If pirates, jousting and chases on horseback no longer appeal to you, you're either way too old or way too boring. Adventure stories may have fallen out of vogue among the 20th century literati who thought the only serious fiction was boring and depressing fiction, but to those born with fire in their bones, adventure stories are the most serious fiction.
Not serious the way existentialists are serious, and certainly not serious the way keeping a stiff upper lip is serious, adventure stories are serious the way Robin Hood is serious—absolutely devoted to protecting the downtrodden, absolutely commited to Maid Marian, absolutely sworn to fight injustice as long as there is a soul in his body, always laughing and always ready for a fight or a feast.
The great Mr. Chesterton wrote adventure stories because they were the best way to express the eternal joy that supported his generous frame. For those raised on Modern Adventure Stories, joy may seem an inappropriate word to describe an increasingly dark genre, but the fault lies with those who think adventures are really just forays into evil rather than with Gilbert Keith.
There's nothing evil about a good adventure. There may be bad guys (there really ought to be bad guys), but if the Good Guy is doing his job there will be a whole lot more of his exploits to talk about than theirs. Because, should he be doing his job, the Hero will be swordfighting, being clever, wooing, chasing and laughing to the detriment of his enemies on every page.

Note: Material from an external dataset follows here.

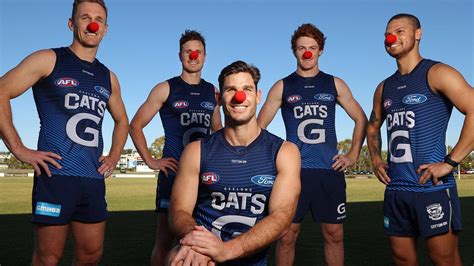 Geelong Football Club get behind a good cause | Herald Sun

Average people don't have the kind of adventures Heroes in Books have—they have the adventures of Modern Men in Books. But the way to get through the prosaic troubles of daily life isn't to immerse yourself in them when you don't have to, it's to let the really Good Guys demonstrate The Way Out of Problems, and do your best to imitate them when you meet the less dramatic, but no less real, dangers of everyday existence.